MultipleCommands.java
import java.util.Arrays;
import java.util.List;
TerminalActions terminal = SHAFT.CLI.terminal();
List<String> commands = Arrays.asList(
"mkdir -p /tmp/shaft_test",
"echo 'test data' > /tmp/shaft_test/data.txt",
"cat /tmp/shaft_test/data.txt"
);
String output = terminal.performTerminalCommands(commands);
SHAFT.Validations.assertThat().object(output).contains("test data");
Common Use Cases
Test Environment Setup and Teardown
EnvironmentLifecycle.java
import com.shaft.driver.SHAFT;
import com.shaft.cli.TerminalActions;
import org.testng.annotations.*;
public class DatabaseSeedTest {
private TerminalActions terminal;
@BeforeClass
public void setUp() {
terminal = SHAFT.CLI.terminal();
// Seed the database before the test class
terminal.performTerminalCommand("psql -U testuser -d testdb -f src/test/resources/seed.sql");
}
@Test
public void verifyRecordsWereSeeded() {
String result = terminal.performTerminalCommand("psql -U testuser -d testdb -c \"SELECT COUNT(*) FROM users;\"");
SHAFT.Validations.assertThat().object(result).contains("10");
}
@AfterClass
public void tearDown() {
// Clean up test data
terminal.performTerminalCommand("psql -U testuser -d testdb -c \"DELETE FROM users WHERE email LIKE '%test%';\"");
}
}
Build and Deployment Validation
DeploymentTest.java
import com.shaft.driver.SHAFT;
import com.shaft.cli.TerminalActions;
import org.testng.annotations.Test;
public class DeploymentTest {
@Test
public void applicationDeployedSuccessfully() {
TerminalActions terminal = SHAFT.CLI.terminal();
// Trigger deployment
String deployOutput = terminal.performTerminalCommand("./scripts/deploy.sh staging");
SHAFT.Validations.assertThat()
.object(deployOutput)
.contains("Deployment successful")
.withCustomReportMessage("Deploy script should report success");
// Verify the service is running
String healthCheck = terminal.performTerminalCommand("curl -s -o /dev/null -w '%{http_code}' http://localhost:8080/health");
SHAFT.Validations.assertThat()
.object(healthCheck)
.isEqualTo("200")
.withCustomReportMessage("Application health endpoint should return HTTP 200");
}
}
File System Validation
FileSystemValidation.java
import com.shaft.driver.SHAFT;
import com.shaft.cli.TerminalActions;
import org.testng.annotations.Test;
public class FileSystemTest {
@Test
public void exportGeneratesCorrectFile() {
TerminalActions terminal = SHAFT.CLI.terminal();
// Trigger the export via your application's API or UI …
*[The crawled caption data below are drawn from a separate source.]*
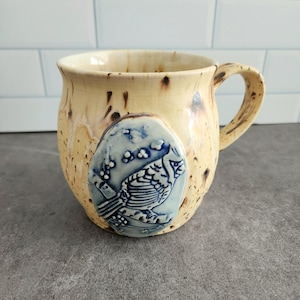 May include: A ceramic mug with a speckled yellow glaze and a blue and white bird design. The mug has a rounded body and a handle.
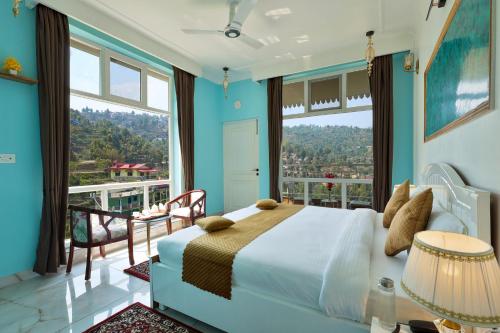 a bedroom with a large bed and a large window at The Crosswoods Three in Mukteswar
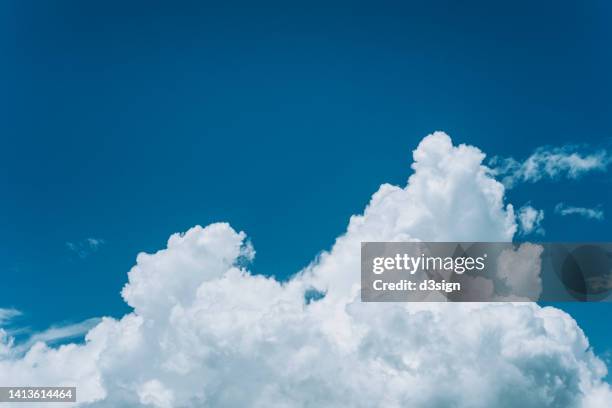 white clouds in blue sky on a sunny summer day - nur himmel stock-fotos und bilder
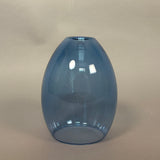 Blue glass vase on a beige background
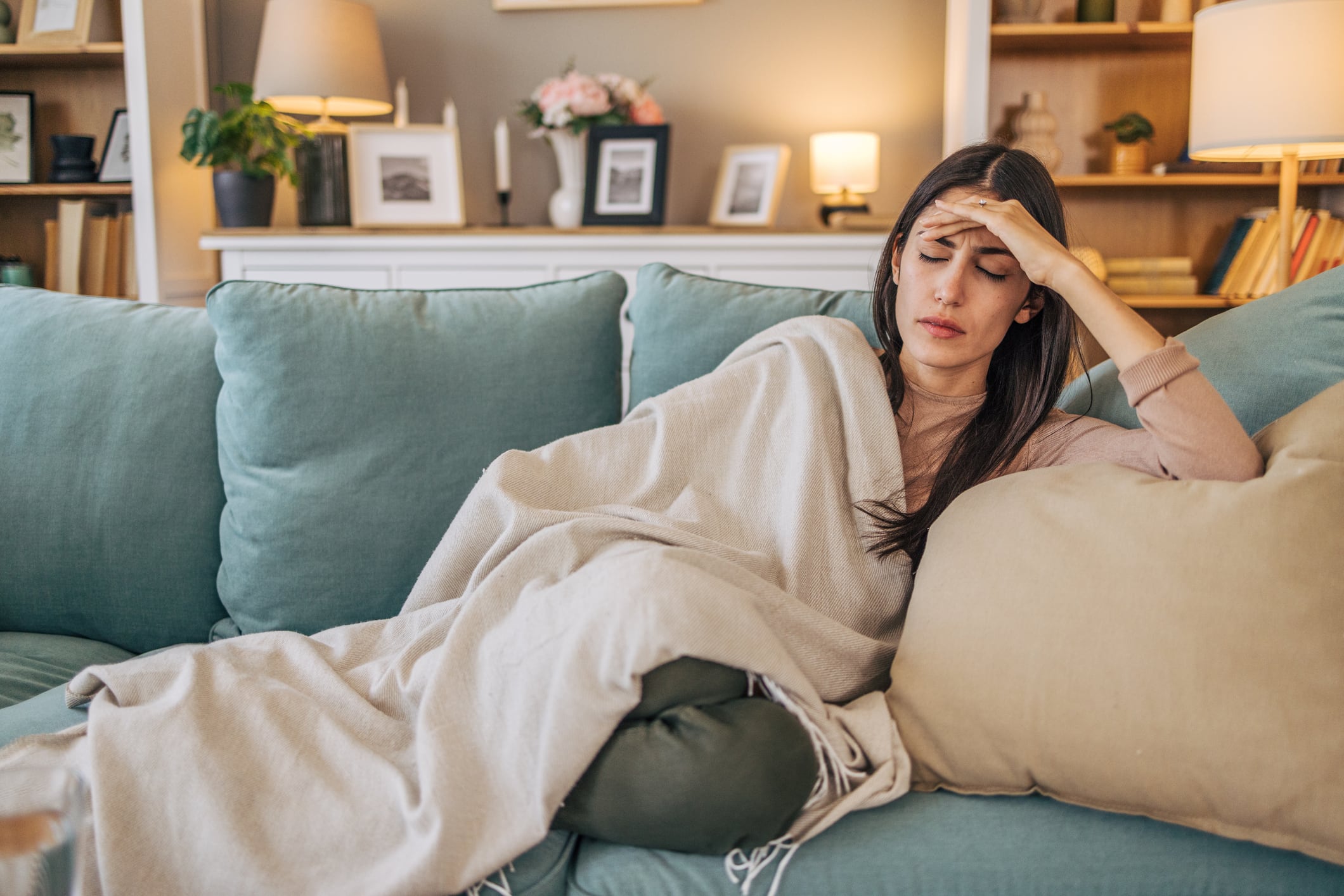 A young woman lying on the sofa in the living room, feeling sick.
// Then validate the generated file
String exists = terminal.performTerminalCommand("test -f /tmp/export.csv && echo 'found' || echo 'missing'");
SHAFT.Validations.assertThat().object(exists).contains("found");
String lineCount = terminal.performTerminalCommand("wc -l < /tmp/export.csv");
SHAFT.Validations.assertThat()
.object(lineCount.trim()).isNotNull();
}
}
Cross-Platform Compatibility
| OS | Shell | Example command |
|---|---|---|
| Linux / macOS | bash | ls -la, chmod 755 script.sh, ./deploy.sh |
| Windows | PowerShell | dir, tasklist, Get-Process |
When writing cross-platform tests, guard with a platform check:
CrossPlatformCommand.java
String os = System.getProperty("os.name").toLowerCase();
String listCmd = os.contains("win") ? "dir" : "ls -la";
String output = terminal.performTerminalCommand(listCmd);
Timeouts and Reporting
Local commands use shellSessionTimeout; timed-out processes are destroyed and reported as failures.
Returned output stays unchanged for assertions, while command/report logs redact common secrets such as tokens, passwords, bearer headers, and URI credentials.
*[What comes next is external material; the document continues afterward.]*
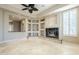Living room with fireplace and built-in shelving at 8037 E Thorntree Dr, Scottsdale, AZ 85266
Use the environment-variable overload when a command needs secret input:
CommandEnvironment.java
import java.util.Map;
String output = SHAFT.CLI.terminal().performTerminalCommand(
"echo $env:DEPLOY_TOKEN",
Map.of("DEPLOY_TOKEN", System.getenv("DEPLOY_TOKEN"))
);
Best Practices
- Always capture and validate output — don't fire-and-forget; check the command succeeded.
- Use absolute paths — relative paths depend on the working directory and are fragile.
- Avoid secrets in commands — use environment variables rather than inline passwords.
- Clean up after yourself — delete temporary files and directories in
@AfterMethod/@AfterClass. - Check for error keywords — scan output for
error,failed, or non-zero exit signals.